AT&T and Time Warner Complete Merger

In the wake of a fully driven society that focuses on media to relay valuable information such as news, AT&T has recently acquired one of the few remaining entertainment industry telecommunication giants, Time Warner for roughly $85.4 million.

This merger sees the two companies now able to both produce media content, as well as distribute it to millions of people across the globe with either wireless cell phones, broadband subscriptions, or satellite TV.

Time Warner is the home of HBO and CNN, so the possibilities have now become endless for AT&T in regards to the amount of, as well as the specific type of, content they will now be able to produce.

This type of deal is nothing new for telecommunications outlets, with Comcast’s $30 million takeover of NBCUniversal as well as Verizon Communications’ takeover of Yahoo and the Washington Post. More and more telecommunication giants continue to seek mergers in which their companies expand the potential to produce more media increases.

This deal was approved by both parties. AT&T as well as Time Warner felt that this merger would be a good thing for the both of them.

“When Jeff and I started talking, it became clear to us very quickly that we shared a very similar vision,” said Randall L. Stephenson, AT&T’s chief executive, over a conference call with reporters, referring to Jeffrey Bewkes, Time Warner’s chief executive.

Analysts and investors have noted that Time Warner’s initial merger when they sold themselves to AOL was one of the biggest of all time, and created the brilliant idea of combining both media content and the internet.

Lately, the rise of younger customers seeking various types of media content such as outlets like Netflix, Hulu, Amazon Prime, and YouTube, which differ from traditional media, have caused media companies to feel pressured into mergers.

The idea is simple, if you have a telecommunications giant like AT&T and you combine it with a media outlet like Time Warner, it creates a colossus capable of producing vast amounts of content while having more leverage in regards to advertising all of their services.

The main priority is to find new ways to reach potential customers, an example being HBO offering content like “The Game of Thrones” and “Westworld” to consumers who may not have a cable subscription but want to watch the show.

Time Warner’s deal with AT&T is likely to face scrutiny from tough government regulators who are skeptical of power being shared by only a few telecommunications giants.

Republican presidential nominee, Donald J. Trump stated that he would attempt to block the deal if elected president because he feels “it’s too much concentration of power in the hands of too few.”

Trump has a valid point, only a few telecommunication or media outlets remain open.
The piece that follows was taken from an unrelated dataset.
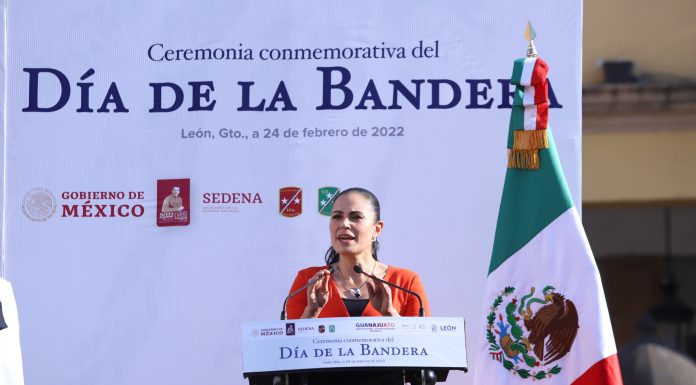 LEÓN | Llama Ale Gutiérrez a vivir con orgullo ser mexicano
Warner Bros. movie studios, as well as cable channels that include the likes of CNN, TNT, Turner Sports, and TBS, are the last bastions of merger-free media outlets.

Bewkes has previously faced tough scrutiny after he turned down 21st Century Fox’s $85 a share bid, stating that the offer undervalued his company.
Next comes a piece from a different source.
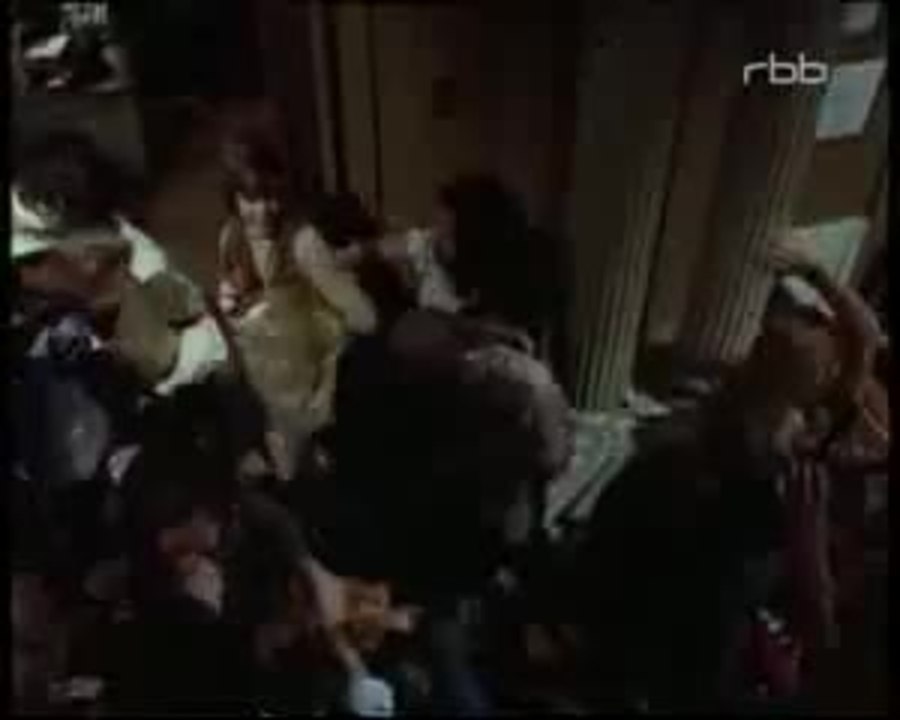 Helpless - Blutige Erdbeeren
But now Bewkes has found someone willing to pay more of a reasonable offer, at $107.50 a share in cash and stock Stephenson has agreed to the merger with Time Warner after feeling the pressure from rival telecommunications giants.

Richard Greenfield, a media analyst at BTIG wrote in a research note that “Bewkes will end up being remembered as the smartest C.E.O in sector – knowing when to sell and not overstaying his welcome to maximize value for shareholders.”

AT&T’s ambitions with this merger certainly go to show that the company is exerting intelligent measures to reconstitute their brand after already having spent hundreds of billions of dollars acquiring companies like DirecTV for $48.5 billion.

After acquiring DirecTV, AT&T began adding satellite TV subscriptions as another method of gaining negotiation leverage with the various content providers who were interested in mergers in order to expand their companies.

As the future of telecommunications, the internet, and media outlets continue to grow, more and more corporate giants will continue to merge with other outlets to expand their own company and essentially have the potential to get a larger amount of content and exposure to consumers.